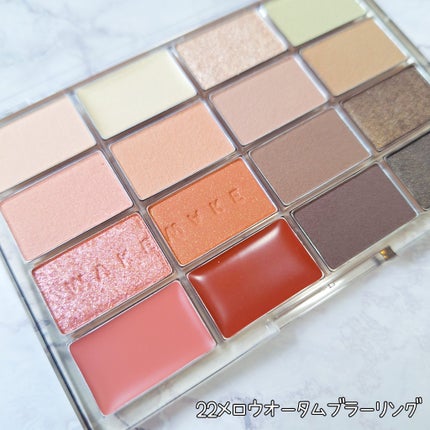 ソフトブラーリングアイパレット/wakemake/アイシャドウパレットを使ったクチコミ(4枚目)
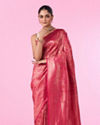 Mohey Women Regal Rani Pink Banarasi Saree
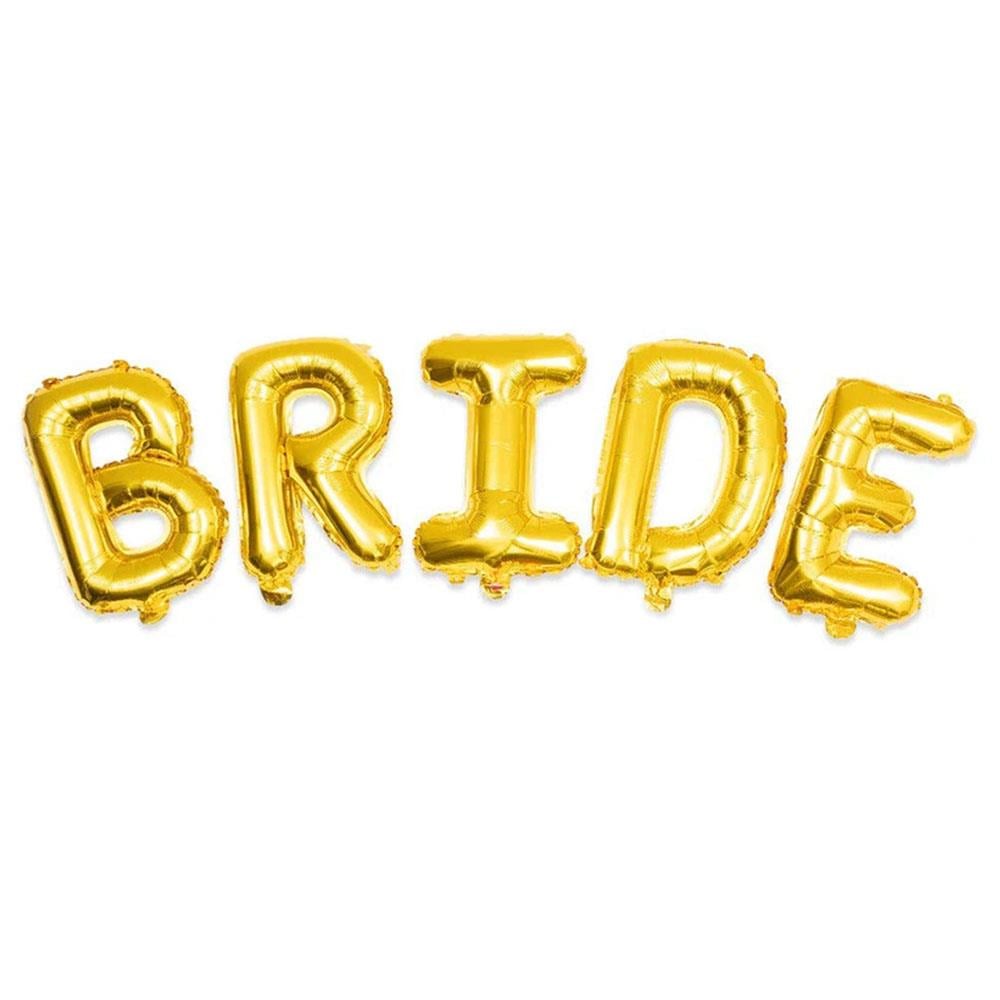 Bride Altın Folyo Balon Set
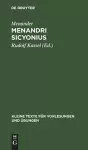 Menandri Sicyonius cover
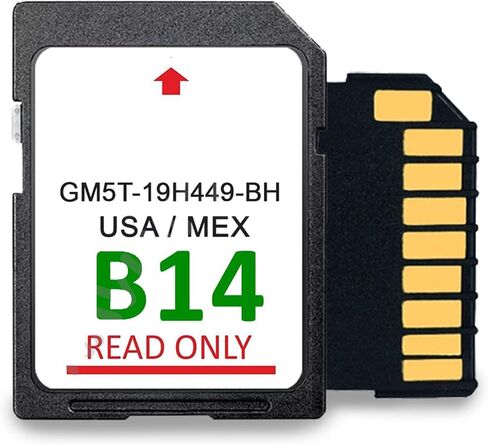 بطاقة اس دي بنظام تحديد المواقع بي 14 محدثة لعام 2023 B12 B11 متوافقة مع لينكولن وفورد سينك الولايات المتحدة الامريكية/ميكس in Kuwait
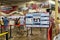 Falcon Heights, Minnesota - August 30, 2021: Inside the Dairy Barn, view of the menu at the Minnesota State Fair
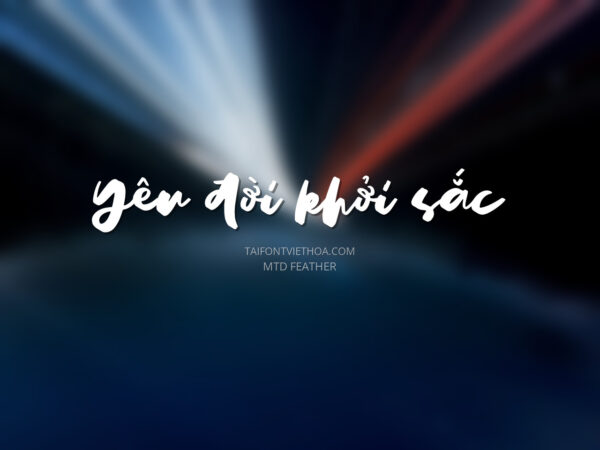 Font việt hóa MTD Feather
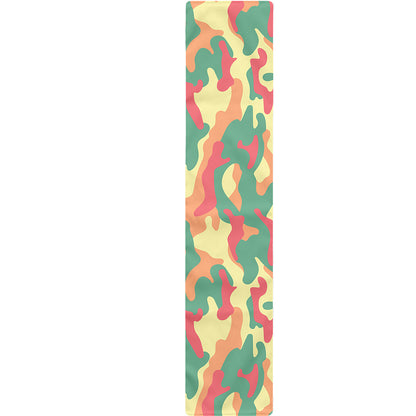 Pastel Camouflage Print Table Runner
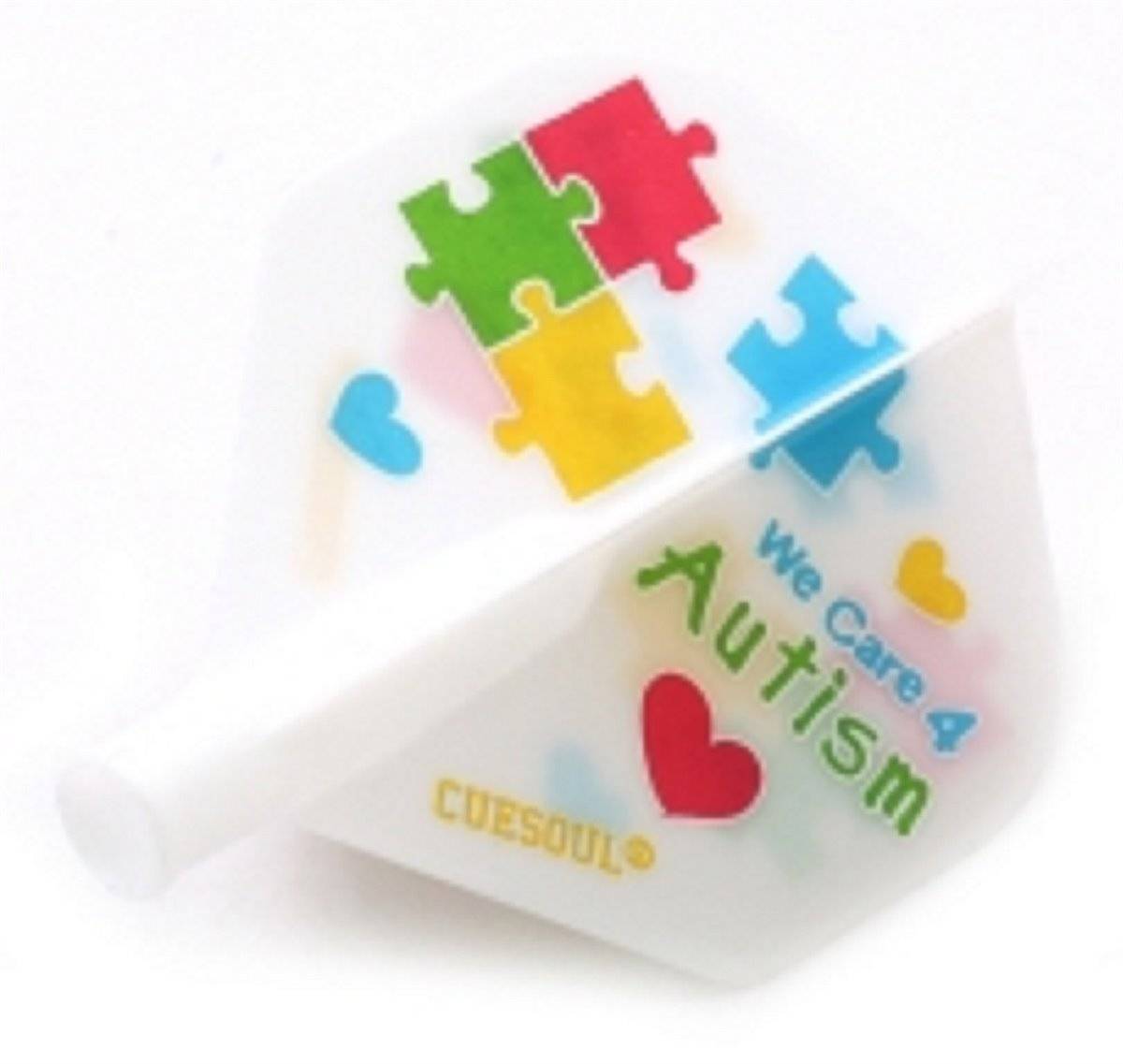 Cuesoul TERO AK4 Dart Flght Care for Autism White Standard Flights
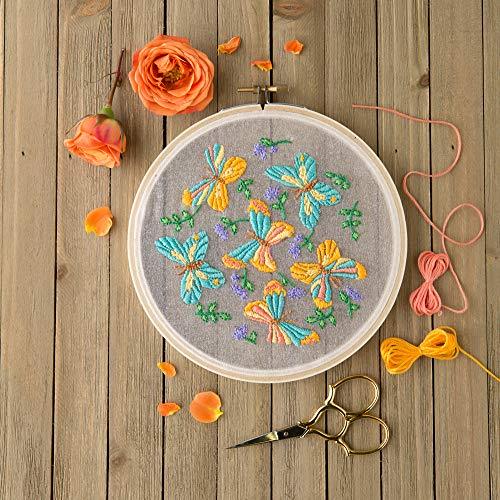 Leisure Arts Mini Maker Embroidery Kit, Transluscent Organza - sctoyswholesale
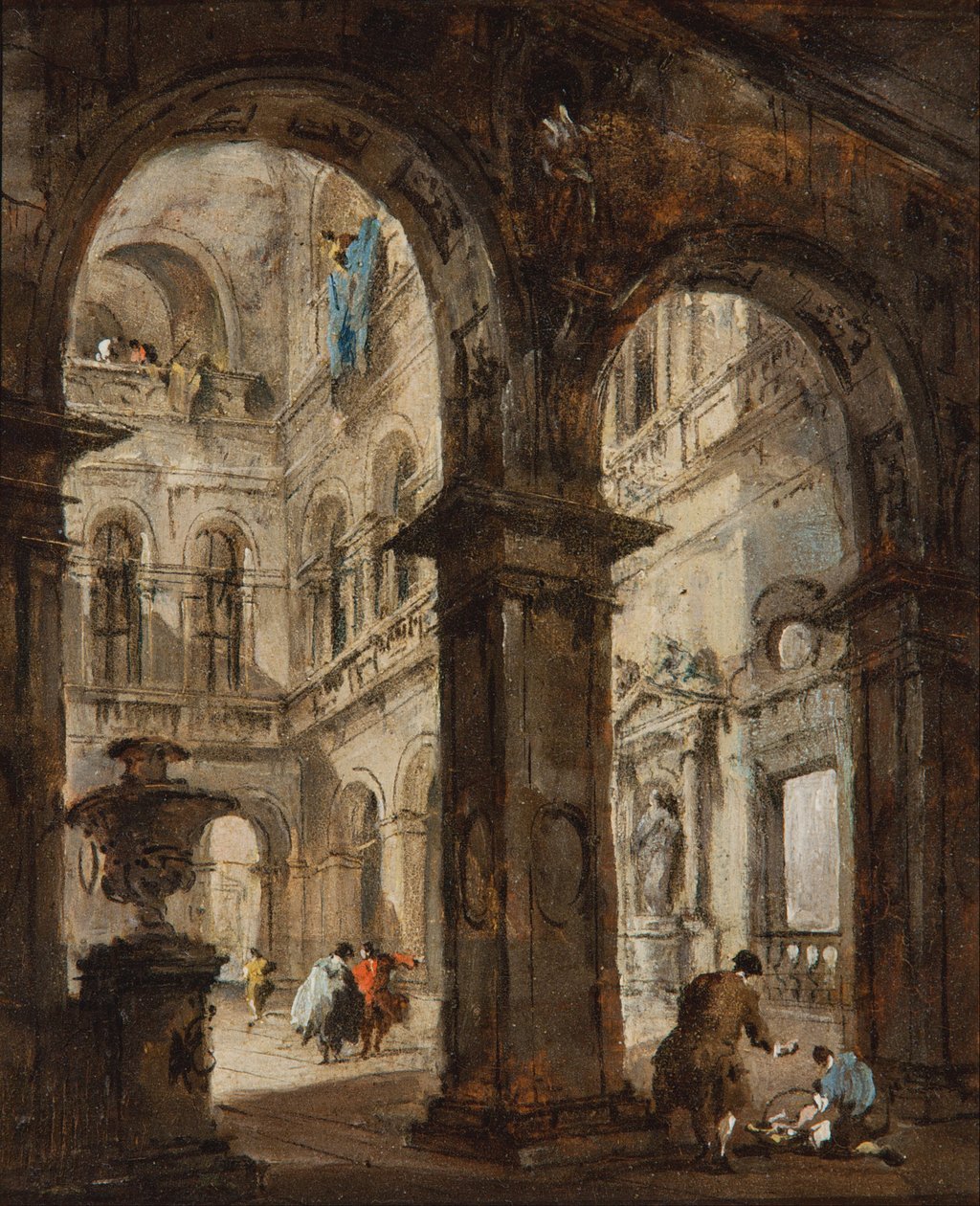Építészeti capriccio alkotó: Francesco Guardi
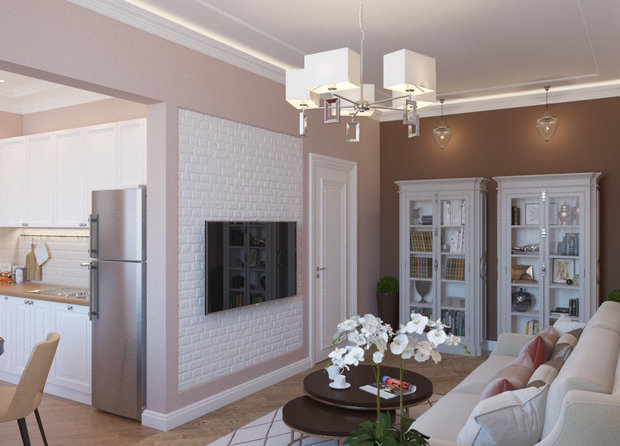 Фото из портфолио проспект Мира – фотографии дизайна интерьеров на INMYROOM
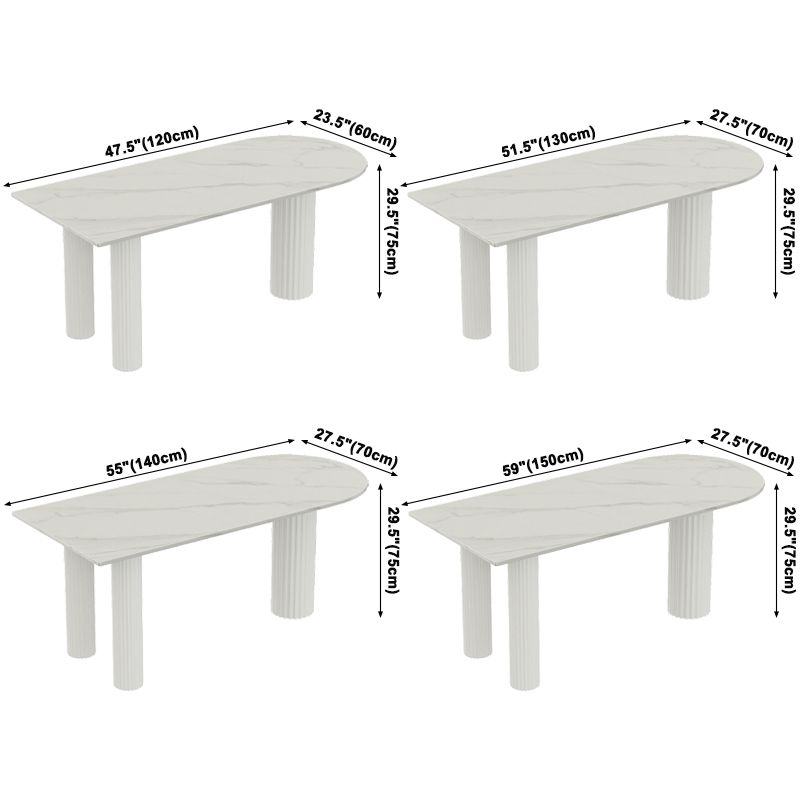 Free Form White Dining Table Sintered Stone Table Modern Style with 3 Legs Clearhalo ' dining_table' 'Dining Tables & Seating' 'Dining Tables' 'Furniture' 'furniture_dining_table' 'Kitchen & Dining Furniture' 'kitchen&dining_furn' 'kitchen' 'kitchen_dining_table' 1200x1200_db95d959-b16b-4a0c-8b30-69b5fb14adcc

Required work: Each record above should come back exactly the same, only without its pictures.

Answer to this exercise:
 ソフトブラーリングアイパレット/wakemake/アイシャドウパレットを使ったクチコミ(4枚目)
 Mohey Women Regal Rani Pink Banarasi Saree
 Bride Altın Folyo Balon Set
 Menandri Sicyonius cover
 بطاقة اس دي بنظام تحديد المواقع بي 14 محدثة لعام 2023 B12 B11 متوافقة مع لينكولن وفورد سينك الولايات المتحدة الامريكية/ميكس in Kuwait
 Falcon Heights, Minnesota - August 30, 2021: Inside the Dairy Barn, view of the menu at the Minnesota State Fair
 Font việt hóa MTD Feather
 Pastel Camouflage Print Table Runner
 Cuesoul TERO AK4 Dart Flght Care for Autism White Standard Flights
 Leisure Arts Mini Maker Embroidery Kit, Transluscent Organza - sctoyswholesale
Építészeti capriccio alkotó: Francesco Guardi
 Фото из портфолио проспект Мира – фотографии дизайна интерьеров на INMYROOM
 Free Form White Dining Table Sintered Stone Table Modern Style with 3 Legs Clearhalo ' dining_table' 'Dining Tables & Seating' 'Dining Tables' 'Furniture' 'furniture_dining_table' 'Kitchen & Dining Furniture' 'kitchen&dining_furn' 'kitchen' 'kitchen_dining_table' 1200x1200_db95d959-b16b-4a0c-8b30-69b5fb14adcc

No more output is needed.